Brachers Forschung, vor allem bei der Totalitarismusfrage, unterwarf sich nie dem Diktat des Zeitgeistes. Aufklärerisch musste Politikwissenschaft sein, auch wenn sie mal gegen den Strich gebürstet war. Das galt dann, wenn er etwa darstellte, dass der Nationalsozialismus mit seinem rassenbiologischen Programm und dem planmäßigen Völkermord sich qualitativ vom italienischen und spanischen Faschismus doch wohl unterscheide. Das galt auch bei der Frage nach dem Missbrauch von Ideologien, der Frage nach der Vergleichbarkeit von faschistischen und kommunistischen Systemen. Je nach Blickwinkel galt Bracher mal als linksliberal oder als Konservativer.
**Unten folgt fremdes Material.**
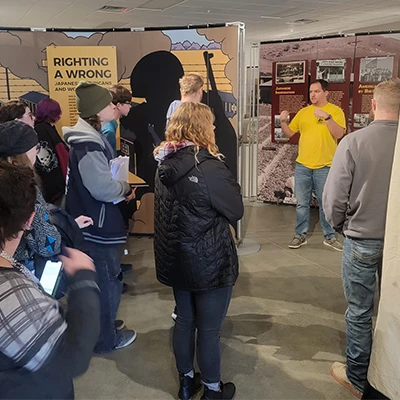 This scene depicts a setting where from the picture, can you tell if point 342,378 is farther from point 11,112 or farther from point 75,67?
point 75,67

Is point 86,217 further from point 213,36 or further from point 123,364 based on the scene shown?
point 213,36

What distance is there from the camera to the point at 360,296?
84.7 inches

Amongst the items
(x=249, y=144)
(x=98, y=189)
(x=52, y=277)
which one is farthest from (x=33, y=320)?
(x=249, y=144)

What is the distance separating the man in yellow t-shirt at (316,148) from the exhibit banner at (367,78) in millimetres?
973

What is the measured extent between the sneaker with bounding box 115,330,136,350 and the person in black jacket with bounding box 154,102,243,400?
715 mm

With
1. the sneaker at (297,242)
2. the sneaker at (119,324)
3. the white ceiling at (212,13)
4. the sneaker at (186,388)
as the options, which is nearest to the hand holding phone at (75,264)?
the sneaker at (186,388)

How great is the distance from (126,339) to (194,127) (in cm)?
152

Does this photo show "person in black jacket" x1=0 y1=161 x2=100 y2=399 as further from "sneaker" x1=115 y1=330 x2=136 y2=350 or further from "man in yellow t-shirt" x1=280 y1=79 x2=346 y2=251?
"man in yellow t-shirt" x1=280 y1=79 x2=346 y2=251

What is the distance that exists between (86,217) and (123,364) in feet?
3.04

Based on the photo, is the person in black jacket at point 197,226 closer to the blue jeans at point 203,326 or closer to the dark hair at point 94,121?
the blue jeans at point 203,326

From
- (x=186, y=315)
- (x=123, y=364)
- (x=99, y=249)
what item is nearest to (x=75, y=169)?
(x=99, y=249)

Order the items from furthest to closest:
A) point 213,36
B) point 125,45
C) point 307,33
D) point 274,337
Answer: point 307,33 → point 125,45 → point 213,36 → point 274,337

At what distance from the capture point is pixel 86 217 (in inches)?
88.6

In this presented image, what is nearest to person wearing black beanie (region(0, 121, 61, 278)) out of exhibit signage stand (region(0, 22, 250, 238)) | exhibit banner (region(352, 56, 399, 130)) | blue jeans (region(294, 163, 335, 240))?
exhibit signage stand (region(0, 22, 250, 238)) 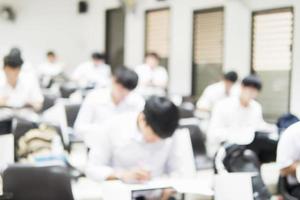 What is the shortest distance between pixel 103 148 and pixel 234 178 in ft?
2.69

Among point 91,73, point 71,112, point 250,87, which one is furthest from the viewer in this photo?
point 91,73

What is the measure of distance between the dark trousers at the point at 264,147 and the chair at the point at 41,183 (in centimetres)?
147

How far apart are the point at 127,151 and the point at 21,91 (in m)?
2.63

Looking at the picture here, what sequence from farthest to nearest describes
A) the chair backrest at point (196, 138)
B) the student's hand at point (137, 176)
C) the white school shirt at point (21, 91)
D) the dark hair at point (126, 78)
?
the white school shirt at point (21, 91) → the chair backrest at point (196, 138) → the dark hair at point (126, 78) → the student's hand at point (137, 176)

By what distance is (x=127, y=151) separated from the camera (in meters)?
2.73

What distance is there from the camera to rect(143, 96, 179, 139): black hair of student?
2.38 metres

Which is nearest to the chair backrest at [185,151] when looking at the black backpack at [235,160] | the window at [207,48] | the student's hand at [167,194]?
the black backpack at [235,160]

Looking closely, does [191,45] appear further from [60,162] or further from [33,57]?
[60,162]

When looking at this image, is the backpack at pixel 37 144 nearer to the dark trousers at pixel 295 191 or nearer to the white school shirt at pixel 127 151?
the white school shirt at pixel 127 151

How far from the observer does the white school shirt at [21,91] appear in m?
4.99

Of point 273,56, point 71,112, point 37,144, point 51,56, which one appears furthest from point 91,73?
point 37,144

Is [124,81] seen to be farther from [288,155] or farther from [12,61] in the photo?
[288,155]

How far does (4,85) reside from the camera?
5.00 m

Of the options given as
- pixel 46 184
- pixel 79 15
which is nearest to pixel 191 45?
pixel 79 15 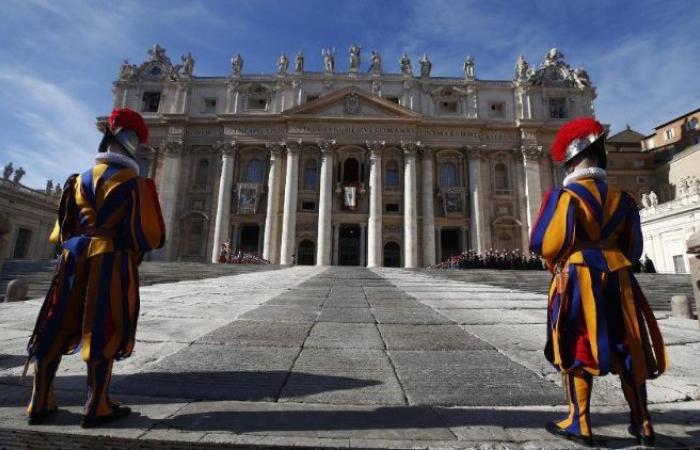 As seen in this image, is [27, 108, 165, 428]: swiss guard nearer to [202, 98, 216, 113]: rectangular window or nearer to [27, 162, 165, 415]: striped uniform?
[27, 162, 165, 415]: striped uniform

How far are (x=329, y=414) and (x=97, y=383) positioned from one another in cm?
121

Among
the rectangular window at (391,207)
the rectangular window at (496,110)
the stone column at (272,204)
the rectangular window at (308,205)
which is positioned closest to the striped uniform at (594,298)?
the stone column at (272,204)

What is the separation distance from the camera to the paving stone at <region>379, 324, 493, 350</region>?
3.51 meters

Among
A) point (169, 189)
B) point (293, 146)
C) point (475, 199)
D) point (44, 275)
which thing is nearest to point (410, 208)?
point (475, 199)

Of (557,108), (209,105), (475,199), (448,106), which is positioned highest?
(557,108)

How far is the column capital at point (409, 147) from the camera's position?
94.9ft

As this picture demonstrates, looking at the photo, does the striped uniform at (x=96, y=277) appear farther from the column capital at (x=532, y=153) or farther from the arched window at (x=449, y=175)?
the column capital at (x=532, y=153)

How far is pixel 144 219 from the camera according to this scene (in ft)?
7.61

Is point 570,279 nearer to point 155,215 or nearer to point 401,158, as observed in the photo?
point 155,215

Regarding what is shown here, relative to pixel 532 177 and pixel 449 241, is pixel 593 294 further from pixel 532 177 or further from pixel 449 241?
pixel 532 177

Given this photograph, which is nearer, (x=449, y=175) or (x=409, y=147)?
(x=409, y=147)

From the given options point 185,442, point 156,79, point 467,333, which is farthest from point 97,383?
point 156,79

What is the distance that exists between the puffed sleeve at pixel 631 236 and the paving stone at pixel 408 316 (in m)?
2.71

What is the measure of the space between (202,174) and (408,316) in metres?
28.9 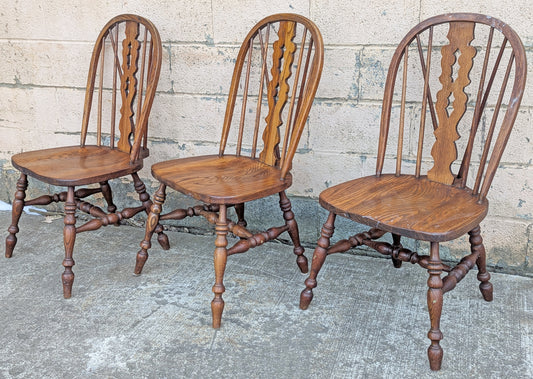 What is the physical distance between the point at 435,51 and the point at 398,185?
0.61 metres

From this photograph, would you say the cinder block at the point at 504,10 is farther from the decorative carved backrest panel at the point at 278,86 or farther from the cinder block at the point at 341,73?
the decorative carved backrest panel at the point at 278,86

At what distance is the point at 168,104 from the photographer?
9.17ft

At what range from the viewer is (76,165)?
2.40 metres

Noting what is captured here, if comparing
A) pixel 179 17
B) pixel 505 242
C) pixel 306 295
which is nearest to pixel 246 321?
pixel 306 295

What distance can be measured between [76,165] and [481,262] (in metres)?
1.64

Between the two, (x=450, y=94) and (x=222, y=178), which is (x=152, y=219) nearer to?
(x=222, y=178)

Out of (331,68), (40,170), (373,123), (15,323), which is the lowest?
(15,323)

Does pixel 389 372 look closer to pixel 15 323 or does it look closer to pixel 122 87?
pixel 15 323

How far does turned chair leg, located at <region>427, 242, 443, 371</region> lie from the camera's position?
5.79ft

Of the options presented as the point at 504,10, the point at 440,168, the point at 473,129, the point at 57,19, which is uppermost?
the point at 504,10

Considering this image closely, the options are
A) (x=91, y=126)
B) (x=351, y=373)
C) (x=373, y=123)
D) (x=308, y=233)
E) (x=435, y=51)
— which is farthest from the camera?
(x=91, y=126)

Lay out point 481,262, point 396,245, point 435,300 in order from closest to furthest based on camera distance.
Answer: point 435,300
point 481,262
point 396,245

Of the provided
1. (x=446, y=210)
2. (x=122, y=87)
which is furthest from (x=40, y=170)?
(x=446, y=210)

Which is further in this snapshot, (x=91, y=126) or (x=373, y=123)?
(x=91, y=126) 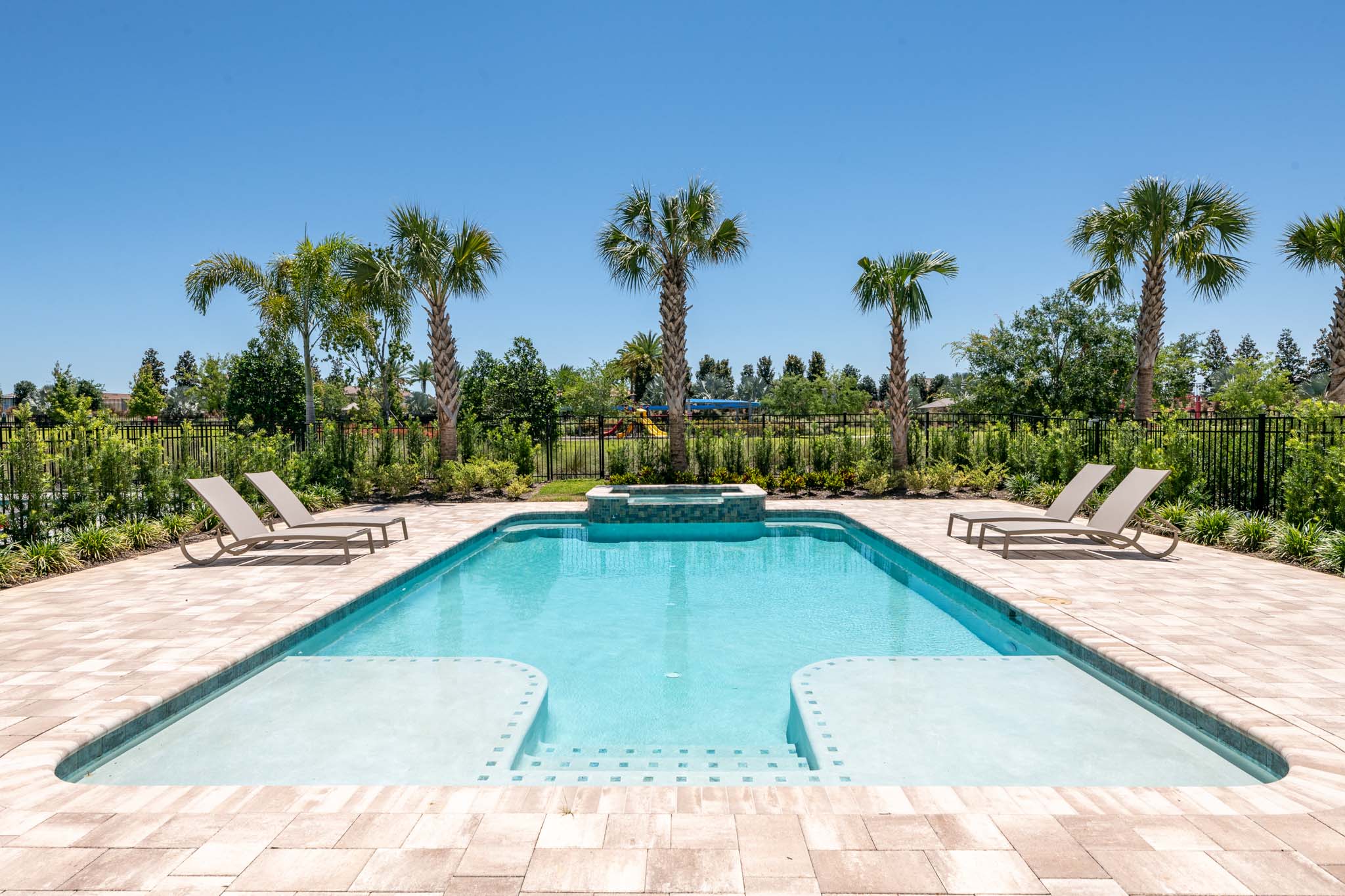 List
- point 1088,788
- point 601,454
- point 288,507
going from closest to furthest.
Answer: point 1088,788, point 288,507, point 601,454

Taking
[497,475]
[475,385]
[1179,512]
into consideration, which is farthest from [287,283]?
[1179,512]

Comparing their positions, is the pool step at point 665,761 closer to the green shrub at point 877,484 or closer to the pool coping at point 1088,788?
the pool coping at point 1088,788

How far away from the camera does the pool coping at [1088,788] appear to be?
9.12ft

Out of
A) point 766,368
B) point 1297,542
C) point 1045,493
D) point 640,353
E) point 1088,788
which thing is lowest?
point 1088,788

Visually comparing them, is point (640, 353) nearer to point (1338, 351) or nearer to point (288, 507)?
point (1338, 351)

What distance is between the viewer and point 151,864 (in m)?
2.28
Doch das war Bracher stets egal.

Rund 120 Schüler hat er promoviert, unter ihnen auch Margarita Mathiopoulos, gegen die Plagiatsvorwürfe erhoben werden. Doch Bracher findet ihre Arbeit nach wie vor "gut lesbar". Bracher: "Das ist keine glückliche Entwicklung, wenn jetzt Buchstabe für Buchstabe verglichen wird."

"Brachers Gelehrsamkeit faszinierte", bekannte der vor anderthalb Jahren verstorbene Politologe Manfred Funke. Es war wohl diese Fähigkeit zur vielschichtigen Analyse aus geistesgeschichtlicher, soziologischer, ökonomischer und psychologischer Sicht, die Bracher zu einem solch einzigartigen Gelehrten macht, der bis heute für viele Nachfolgegenerationen ein Vorbild ist. Auch mit 90 Jahren verfolgt Bracher die Entwicklungen in seinem Fachbereich und in der aktuellen Politik.

Die Affäre Christian Wulff etwa, so Bracher, sei "ein Tiefpunkt in der Geschichte der Bundesrepublik. Und dann dieses Unglück, das Geld als Ehrensold zu bezeichnen!" Allerdings, so Bracher, sei dies keine gefährliche Entwicklung für die Demokratie: "Ich betrachte das alles mit gewissem Humor."